We also concur with the authors that Dirichlet mixture priors provide natural clustering mechanisms, but one may question the “natural” label as the resulting clustering is quite unstructured, growing in the number of clusters as the number of observations increases and not incorporating any prior constraint on the “definition” of a cluster, except the one implicit and well-hidden behind the non-parametric prior. In short, it is delicate to assess what is eventually estimated by this clustering methods.

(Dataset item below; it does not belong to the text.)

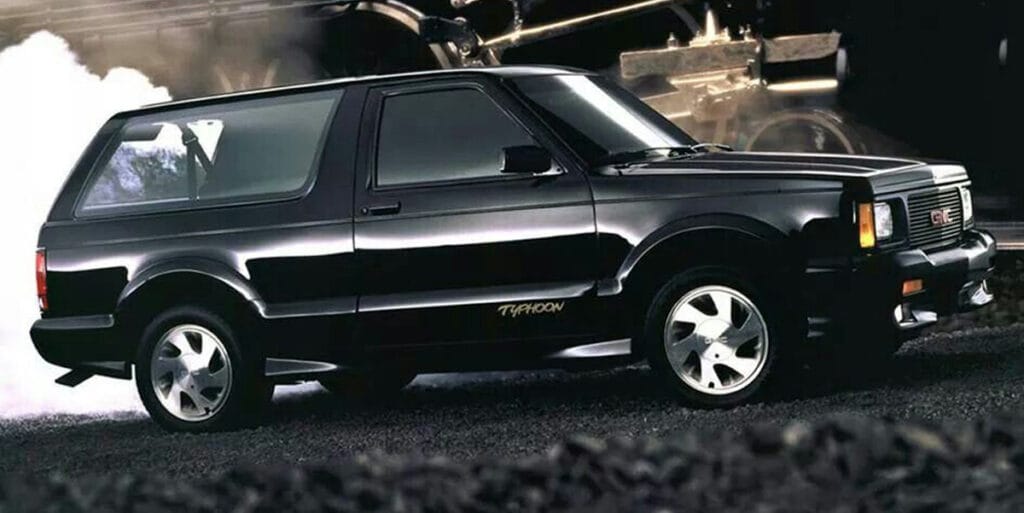 1993 GMC Typhoon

These remarks are not to be taken criticisms of the overall Bayesian nonparametric approach, just the contrary. We simply emphasize (or recall) that there is no such thing as a free lunch and that we need to post the price to pay for potential customers. In these models, this is far from easy and just as far from being completed.”

References

• Arbel, J., Gayraud, G., and Rousseau, J. (2013). Bayesian adaptive optimal estimation using a sieve prior. Scandinavian Journal of Statistics, to appear.

• Diaconis, P. and Freedman, D. (1986). On the consistency of Bayes estimates. Ann. Statist., 14:1-26.

• Kruijer, W., Rousseau, J., and van der Vaart, A. (2010). Adaptive Bayesian density estimation with location-scale mixtures. Electron. J. Stat., 4:1225-1257.

• Rivoirard, V. and Rousseau, J. (2012). On the Bernstein Von Mises theorem for linear functionals of the density. Ann. Statist., 40:1489-1523.

• van der Vaart, A. and van Zanten, J. H. (2009). Adaptive Bayesian estimation using a Gaussian random field with inverse Gamma bandwidth. Ann. Statist., 37:2655-2675.